= New Jersey Civic Information Consortium =

The New Jersey Civic Information Consortium (NJCIC) is a 501(c)(3) nonprofit that funds initiatives to benefit the State's civic life information needs. They hope to address the growing problems of news deserts and misinformation.

NJCIC is a 501(c)(3) nonprofit that funds initiatives to benefit the State's civic life information needs in collaboration with one of the five members of the consortium: The College of New Jersey, Montclair State University, the New Jersey Institute of Technology, Rowan University and Rutgers University. Successful grant applications must propose a collaboration connecting at least one off-campus partner with at least one of the five higher-education partners to address the growing problems of news deserts and misinformation. Projects should improve the civil information available in the state, make it easier for residents to access public information, train people in community storytelling, journalism, and media production, improve civic engagement and dialogue, support underserved communities, and invest in research to improve the responsiveness of media to their audiences.

== Background ==

In 2016 the U.S. Federal Communications Commission (FCC) took steps to improve mobile services like AT&T and Verizon by converting to that use portions of the electromagnetic spectrum that had been used by broadcasters. The 501(c)(3) Free Press and it's 501(c)(4) advocacy arm, the Free Press Action Fund, began organizing in New Jersey to convince the state government that these are public media assets, and the proceeds should be used to improve locally available media.

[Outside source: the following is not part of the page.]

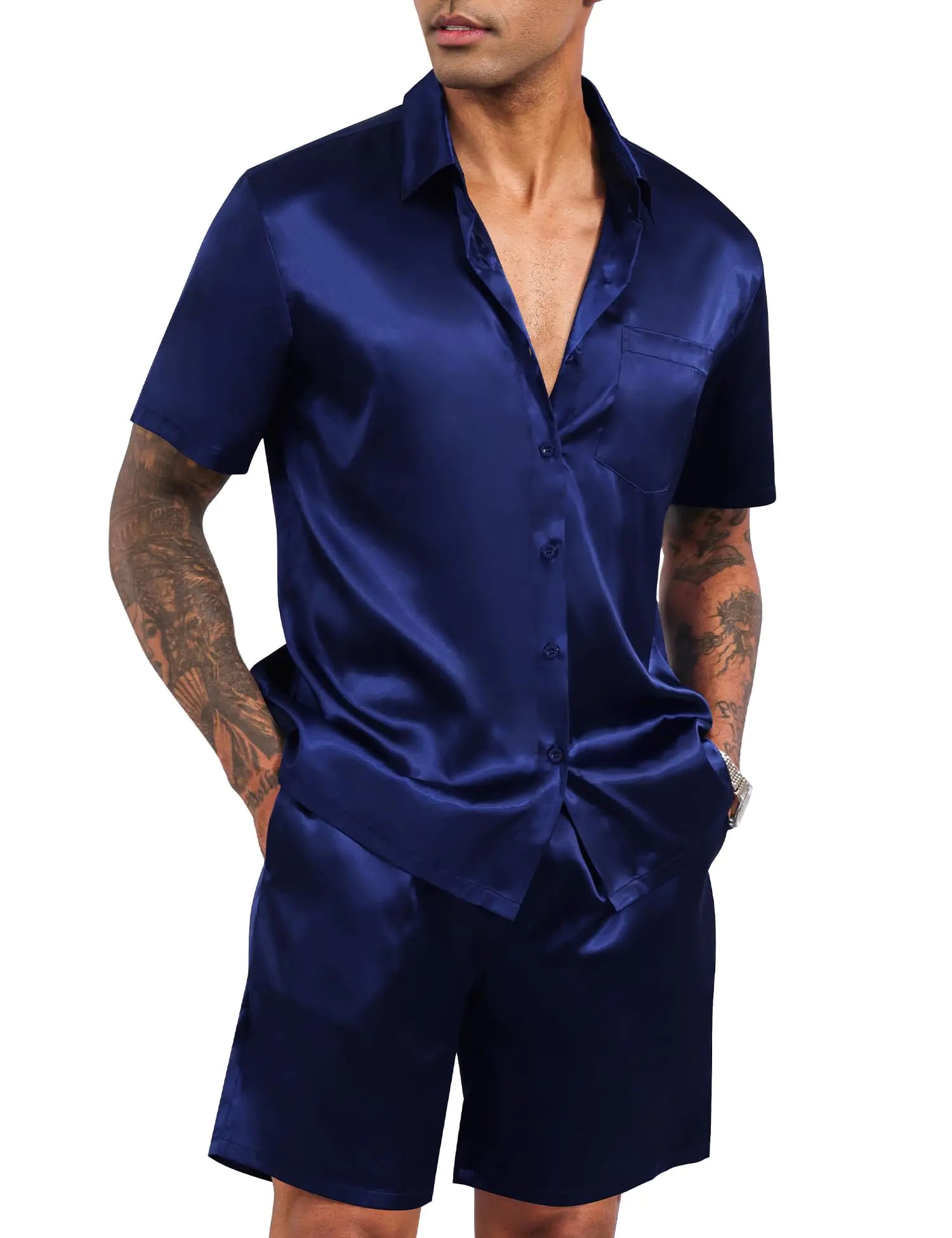 LecGee Mens 2 Piece Satin Tracksuit Short Sleeve Button Down Shirts Silk Party Club Pajama Set(BlueS) - Dakdouksson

This FCC project ended in 2017 with 175 U.S. broadcasters selling their frequencies for a total of $10 billion. As part of this sale, New Jersey received $332 million for two public broadcasting television stations, and the government agreed that some of that money should be used to improve the information and media available to the public.

The organizing effort by Free Press and others secured passage of New Jersey's Civic Information Consortium bill in 2018, but no money was allocated for it. It faced strong opposition from conservatives opposed to public funding of media, especially in the Assembly; it had bipartisan support in the New Jersey state Senate with only one "Nay" to 35 "Yea" votes (and 4 "Other").

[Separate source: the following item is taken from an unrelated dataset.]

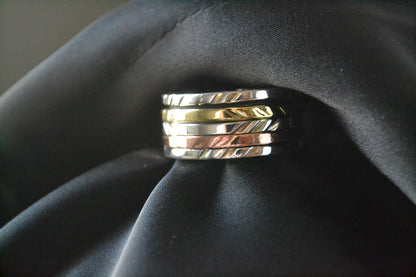 Tri-Tone Spinner Meditation Ring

In September 2020, the New Jersey Governor signed a budget that included $500,000 for the New Jersey Civic Information Consortium.

== Launch ==

On March 3, 2021, the New Jersey Civic Info Consortium invited proposals for projects for the first time. This followed listening sessions in every county in the state, along with other meetings with journalists and community members and a statewide survey to better understand the public's information needs. These initial grants were to be capped at $35,000. June 3, 2021, the NJCIC announced awards to 14 of 74 applicants.

== Similar efforts elsewhere ==

Free Press is working to develop similar projects in other states under their "News Voices" program. One in North Carolina began in 2017. Another was initiated in Philadelphia in 2019.